**PROBLEM DETAILS**
Your output should be the lines of the data that follow, reproduced exactly from the first through the line bearing "Used 2023 Chevrolet".

-.-.-

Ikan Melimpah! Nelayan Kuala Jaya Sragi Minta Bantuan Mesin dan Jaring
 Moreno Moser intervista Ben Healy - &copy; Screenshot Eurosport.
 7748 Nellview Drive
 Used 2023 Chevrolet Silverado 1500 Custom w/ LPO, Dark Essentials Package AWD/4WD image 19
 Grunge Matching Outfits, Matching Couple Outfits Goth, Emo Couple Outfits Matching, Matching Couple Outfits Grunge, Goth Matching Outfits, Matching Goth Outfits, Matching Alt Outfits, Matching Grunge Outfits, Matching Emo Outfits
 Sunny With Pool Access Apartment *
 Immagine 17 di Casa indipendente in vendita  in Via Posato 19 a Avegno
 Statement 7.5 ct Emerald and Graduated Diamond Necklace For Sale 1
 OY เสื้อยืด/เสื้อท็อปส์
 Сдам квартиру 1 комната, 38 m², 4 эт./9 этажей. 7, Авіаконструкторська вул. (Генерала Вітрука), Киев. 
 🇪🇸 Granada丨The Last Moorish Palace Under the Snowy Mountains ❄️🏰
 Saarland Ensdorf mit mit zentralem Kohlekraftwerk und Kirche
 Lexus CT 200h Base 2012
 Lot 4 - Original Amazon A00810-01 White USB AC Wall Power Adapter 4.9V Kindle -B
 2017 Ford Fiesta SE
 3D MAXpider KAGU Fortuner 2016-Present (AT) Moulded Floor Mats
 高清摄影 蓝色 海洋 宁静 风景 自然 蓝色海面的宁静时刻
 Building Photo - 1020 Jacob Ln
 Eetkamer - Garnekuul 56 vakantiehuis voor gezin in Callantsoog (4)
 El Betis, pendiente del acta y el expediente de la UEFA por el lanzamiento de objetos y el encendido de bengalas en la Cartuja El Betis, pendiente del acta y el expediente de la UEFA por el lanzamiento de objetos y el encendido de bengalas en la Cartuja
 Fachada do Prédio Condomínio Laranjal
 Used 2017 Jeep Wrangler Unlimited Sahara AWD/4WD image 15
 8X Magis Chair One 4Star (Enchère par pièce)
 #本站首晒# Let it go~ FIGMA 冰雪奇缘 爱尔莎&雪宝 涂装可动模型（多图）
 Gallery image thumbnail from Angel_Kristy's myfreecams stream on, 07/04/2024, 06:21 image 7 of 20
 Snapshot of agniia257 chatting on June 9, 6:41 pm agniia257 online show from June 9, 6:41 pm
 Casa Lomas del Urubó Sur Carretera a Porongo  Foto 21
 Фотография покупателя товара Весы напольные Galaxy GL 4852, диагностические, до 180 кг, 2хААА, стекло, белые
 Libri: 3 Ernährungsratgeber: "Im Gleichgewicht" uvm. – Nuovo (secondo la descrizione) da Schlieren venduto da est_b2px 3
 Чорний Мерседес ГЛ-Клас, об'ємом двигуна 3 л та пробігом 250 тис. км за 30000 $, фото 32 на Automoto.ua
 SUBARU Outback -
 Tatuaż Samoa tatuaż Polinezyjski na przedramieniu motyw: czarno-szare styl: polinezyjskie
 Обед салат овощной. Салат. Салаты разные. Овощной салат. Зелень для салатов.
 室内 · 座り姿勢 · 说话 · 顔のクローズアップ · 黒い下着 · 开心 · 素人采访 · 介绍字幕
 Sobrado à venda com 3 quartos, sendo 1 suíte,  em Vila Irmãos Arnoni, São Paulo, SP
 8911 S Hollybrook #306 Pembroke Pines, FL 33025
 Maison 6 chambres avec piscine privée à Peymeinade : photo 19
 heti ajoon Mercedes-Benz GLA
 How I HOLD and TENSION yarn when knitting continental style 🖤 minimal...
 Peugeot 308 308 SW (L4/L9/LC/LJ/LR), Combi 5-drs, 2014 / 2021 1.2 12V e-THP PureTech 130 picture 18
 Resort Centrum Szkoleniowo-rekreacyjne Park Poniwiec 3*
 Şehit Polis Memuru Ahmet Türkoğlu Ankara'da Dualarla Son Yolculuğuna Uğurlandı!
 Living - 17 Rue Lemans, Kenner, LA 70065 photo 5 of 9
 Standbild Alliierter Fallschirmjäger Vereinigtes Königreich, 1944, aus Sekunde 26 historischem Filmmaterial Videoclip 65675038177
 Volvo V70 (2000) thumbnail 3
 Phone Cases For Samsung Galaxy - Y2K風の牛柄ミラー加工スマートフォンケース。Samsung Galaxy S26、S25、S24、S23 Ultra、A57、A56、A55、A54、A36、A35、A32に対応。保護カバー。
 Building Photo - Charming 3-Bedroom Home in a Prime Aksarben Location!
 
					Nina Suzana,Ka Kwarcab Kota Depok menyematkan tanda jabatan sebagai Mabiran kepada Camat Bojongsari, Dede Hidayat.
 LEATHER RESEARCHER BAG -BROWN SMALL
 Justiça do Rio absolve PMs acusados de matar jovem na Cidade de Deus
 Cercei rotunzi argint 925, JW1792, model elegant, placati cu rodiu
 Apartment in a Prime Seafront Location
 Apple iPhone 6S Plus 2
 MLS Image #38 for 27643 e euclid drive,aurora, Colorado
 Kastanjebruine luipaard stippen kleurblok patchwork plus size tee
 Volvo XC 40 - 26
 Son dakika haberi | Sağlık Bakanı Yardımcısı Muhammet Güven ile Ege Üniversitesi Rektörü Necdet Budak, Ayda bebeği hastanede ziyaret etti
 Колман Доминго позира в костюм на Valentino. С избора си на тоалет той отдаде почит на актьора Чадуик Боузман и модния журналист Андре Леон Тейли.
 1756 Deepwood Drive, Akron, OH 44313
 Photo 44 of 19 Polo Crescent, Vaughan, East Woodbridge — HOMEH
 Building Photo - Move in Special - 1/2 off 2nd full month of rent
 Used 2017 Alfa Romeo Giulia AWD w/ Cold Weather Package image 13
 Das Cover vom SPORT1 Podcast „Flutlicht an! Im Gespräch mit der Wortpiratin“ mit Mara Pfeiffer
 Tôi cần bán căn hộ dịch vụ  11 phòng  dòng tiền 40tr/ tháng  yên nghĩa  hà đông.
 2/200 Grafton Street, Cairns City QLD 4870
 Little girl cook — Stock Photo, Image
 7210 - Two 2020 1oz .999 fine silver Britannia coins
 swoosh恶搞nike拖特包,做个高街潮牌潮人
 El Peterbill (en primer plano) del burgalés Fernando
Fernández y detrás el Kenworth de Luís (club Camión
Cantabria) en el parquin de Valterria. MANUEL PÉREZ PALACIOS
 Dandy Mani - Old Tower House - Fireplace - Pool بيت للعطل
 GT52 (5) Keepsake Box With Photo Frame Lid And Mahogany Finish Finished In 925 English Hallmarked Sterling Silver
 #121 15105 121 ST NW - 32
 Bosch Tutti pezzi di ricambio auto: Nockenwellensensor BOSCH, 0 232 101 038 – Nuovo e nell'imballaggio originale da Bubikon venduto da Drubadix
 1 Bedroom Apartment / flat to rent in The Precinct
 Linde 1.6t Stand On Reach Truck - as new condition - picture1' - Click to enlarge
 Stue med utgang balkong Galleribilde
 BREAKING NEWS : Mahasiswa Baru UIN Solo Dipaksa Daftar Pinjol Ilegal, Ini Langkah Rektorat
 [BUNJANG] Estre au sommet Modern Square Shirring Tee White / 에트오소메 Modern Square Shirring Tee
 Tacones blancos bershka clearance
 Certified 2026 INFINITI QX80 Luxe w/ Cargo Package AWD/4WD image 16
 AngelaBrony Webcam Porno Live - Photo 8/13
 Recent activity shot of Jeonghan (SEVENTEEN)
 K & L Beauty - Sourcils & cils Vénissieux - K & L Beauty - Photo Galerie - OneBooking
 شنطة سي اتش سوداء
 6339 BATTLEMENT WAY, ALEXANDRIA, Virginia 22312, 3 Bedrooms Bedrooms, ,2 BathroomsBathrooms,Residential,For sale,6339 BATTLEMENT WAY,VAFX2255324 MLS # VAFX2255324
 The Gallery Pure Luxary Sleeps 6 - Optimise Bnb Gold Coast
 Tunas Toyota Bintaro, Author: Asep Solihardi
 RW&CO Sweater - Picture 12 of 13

-.-.-

**TASK RESPONSE**
Ikan Melimpah! Nelayan Kuala Jaya Sragi Minta Bantuan Mesin dan Jaring
 Moreno Moser intervista Ben Healy - &copy; Screenshot Eurosport.
 7748 Nellview Drive
 Used 2023 Chevrolet Silverado 1500 Custom w/ LPO, Dark Essentials Package AWD/4WD image 19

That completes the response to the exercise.